Dad was there, as always, behind his desk, loaded down with papers and talking on the phone. He saw Dallas and me, smiled, and then quickly cut his phone call short. I noticed his red tie already had a mustard stain on it, and what appeared to be leftover French fries were still sitting in a cup on his desk.

“Hey, Nic!” he chirped happily as he got up from his chair. He came over and kissed my cheek. “She dragged you down here too, eh?” my father added as he reached out and shook Dallas’s hand.

Dallas took in the room. “Wanted to see the offices. Heard so much about your business.”

I pointed at his desk. “Dad, what did I tell you about salads for lunch, not fast food?” I scolded.

My father frowned. “Betty and I went down to the chicken place on the corner. You know I don’t like salads.”

I raised my eyebrows at him. “You went to lunch with Betty?”

My father waved his hand at me. “Nothing like that. She’s a nice lady and we just like to talk.”

Dallas smiled at my father. “It all starts with conversation, Bill.”

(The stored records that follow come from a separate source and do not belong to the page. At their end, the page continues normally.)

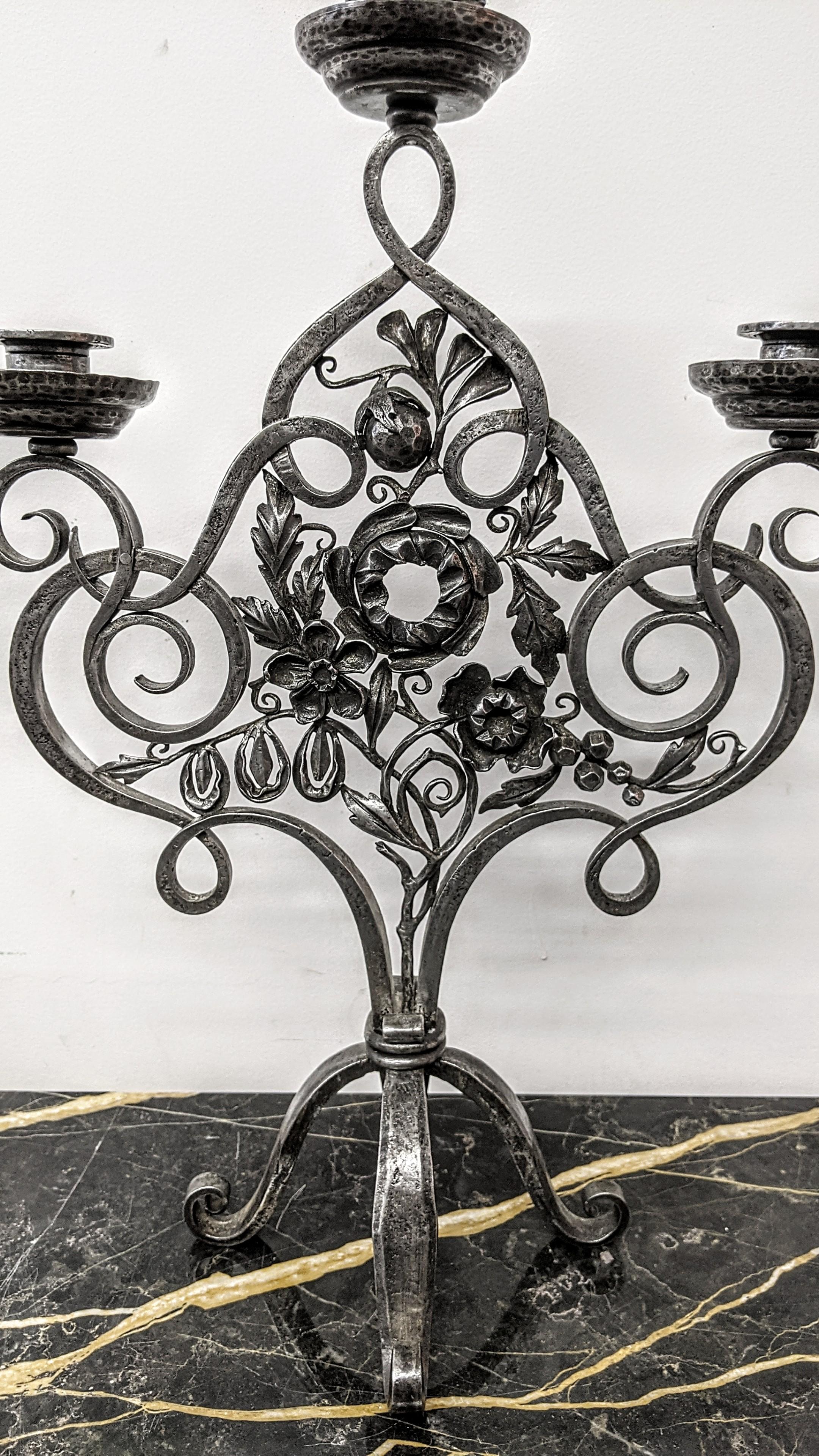A stunning pair of French Art Deco hand forged wrought iron Candle Sticks by Edgar Brandt in great condition. Distinctively designed with extraordinary details in superb condition, circa 1920's. Dimensions: Height: 19.5 in. Width: 14 in. Depth: 8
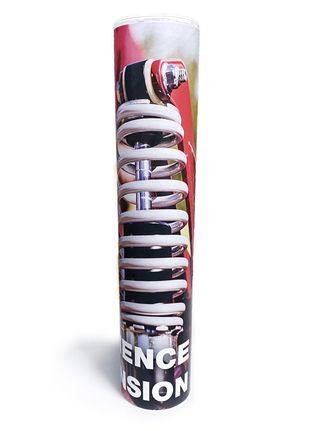 The back half of a mailing tube with the words 'Experience Suspension' on the bottom over a photo of a lawn mower's suspension spring.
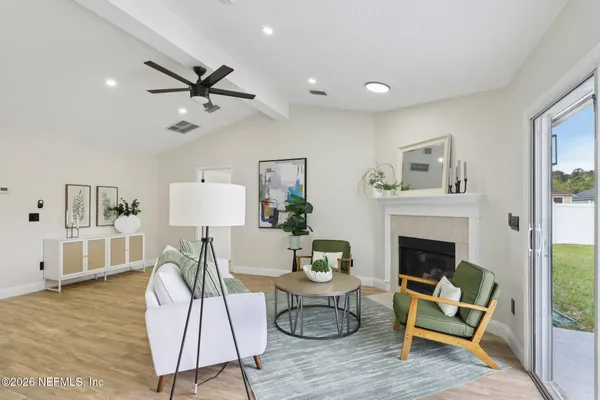 a living room with furniture and a fireplace
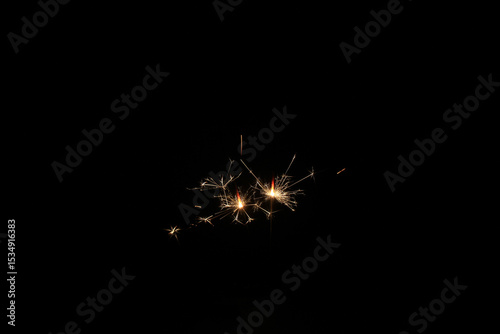 Yellow sparks fly on a black background, layered with grain, noise, and glowing effects to give a gritty, cinematic feel full of motion, contrast, and intense visual energy.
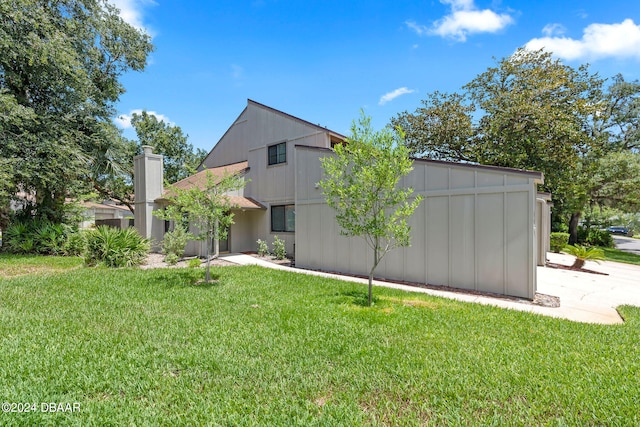 rear view of house with a lawn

My father cleared his throat and walked over to his window. He gazed down at the Mississippi River below. “Nic told you about what we do here?” he asked over his shoulder.

Dallas shook his head. “No. David told me.”

My father turned from the window. “Well, if it hadn’t been for David, I might not be here today.” He went back over to his desk and picked up a pile of papers. “He got me to dump my worthless brother and bring on my daughter as a partner.” Dad handed me the papers. “The bank needs your signature on some papers, Nicci. Just sign where Theresa has highlighted.”

“Nicci’s your partner,” Dallas calmly stated as he turned to me. “I didn’t know that.”

I ignored his reproachful stare and walked over to my father’s desk to hunt for a pen.

“I made Nicci my partner because I had to get Lance’s name off the books.” Dad paused and I could hear him sighing. “Lance was a bit of a liability.”

“A bit?” I chuckled as I started signing the papers.

“Well, more than a bit,” my father agreed. “But I couldn’t throw him out completely. He gets a percentage of the profits and still has an office down the hall from mine.”

I frowned up at my father. “Which he hasn’t visited in, what, two years?”

My father just grinned and shook his head.

Dallas stepped behind the oak desk to a short bookcase and surveyed the array of family pictures my father kept there. He picked up a silver-framed picture of a pale woman with fine features and auburn hair holding me against her when I was no more than five or six.

Dallas admired the photograph. “Is this your mother?”

“That was my Ellen,” Dad said, smiling. “That’s one of my favorites.”

Dallas turned to me. “You do look a great deal like her, Nicci.”

Then I saw his eyes travel across the room to the portrait of a rather stern-looking older gentleman on the far wall.

“Lionel Beauvoir,” I stated as I watched Dallas admiring the painting. “My grandfather.”

My father frowned. “Yes. That’s the old bastard himself.”

Dallas looked over at my father. “You didn’t care for him, I take it?”

“He was a cold-hearted man. He left Lance and me this business. But little else.”

“Is that the one you said you were like?” Dallas asked me.

My father nodded to me. “There is a lot of my old man in Nicci. She has his practical nature and his—”

“Cold heart,” Dallas interrupted.

I frowned at Dallas. “Gee, thanks.”

“No, Nicci.” My father looked from Dallas to me. “You do have some of your grandfather’s…aloofness perhaps is a better word.”

I finished signing the papers, threw the pen back on the desk, and then turned to confront my father. “I thought you were on my side?”